XJTLU is a Joint Venture University (Xi’an Jiaotong University and University of Liverpool are the parents) located in Suzhou Industrial Park, to the east of the old city of Suzhou. Currently there are about 9,500 domestic Chinese students and 610 international students enrolled in 35 undergraduate degree programs and 27 postgraduate coursework programs. Teaching Chinese students in China is great fun. The students are enthusiastic and engaged, determined to succeed. Of course, their approach to China Studies is different to their international peers, not least because of schooling and socialisation. This difference sometimes makes for unnecessary gaps in the learning environment, in both directions, which the department has to provide through short courses and additional activities.
Working in China is of course not without its challenges. Many people outside China, even some of those who have been there in the past, assume that we have no academic freedom, that we are constrained in what we can teach or research, or even that we are told what to do and how to do it. On the whole, such problems are minimal. Of that kind the only real problem is that book suppliers will sometimes act on the side of caution if asked to provide a book to the Library or students. Fear of getting into trouble is their motivator, sometimes without any reasonable basis of thought. I was recently stopped from importing a Chinese language version of Mao Zedong’s commentaries on literature and art. It was a book originally published openly in China, where it had been purchased. I am still trying to work out why importation was not permitted.

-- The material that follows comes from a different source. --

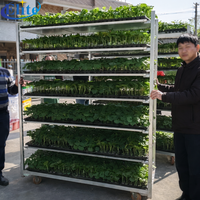 Chariot Danois pour Plantes de Pépinière 129 TC4622, Lit de Semis à Roues, Rayonnage pour Jeunes Pousses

More serious are the problems of living and working in a society developing from a radically different social system, by importing some of the technologies and practices from elsewhere. As all our students know, mobile phone usage and Internet access require VPN installation. Luckily the market demand is well met by Chinese providers. Office administrative practice usually fails to keep up with the speed of change: functions in the workplace most usually stop when someone with a specific task is on leave or is sick; there is little client service mentality. In the 1970s when I first lived in China we used to talk about “the man with the key is not here” – the phenomenon of the lack of access to something when a request was made. These days it’s “I’m sorry, my colleague whose responsibility to approve your emergency need for a replacement computer is away for two weeks.”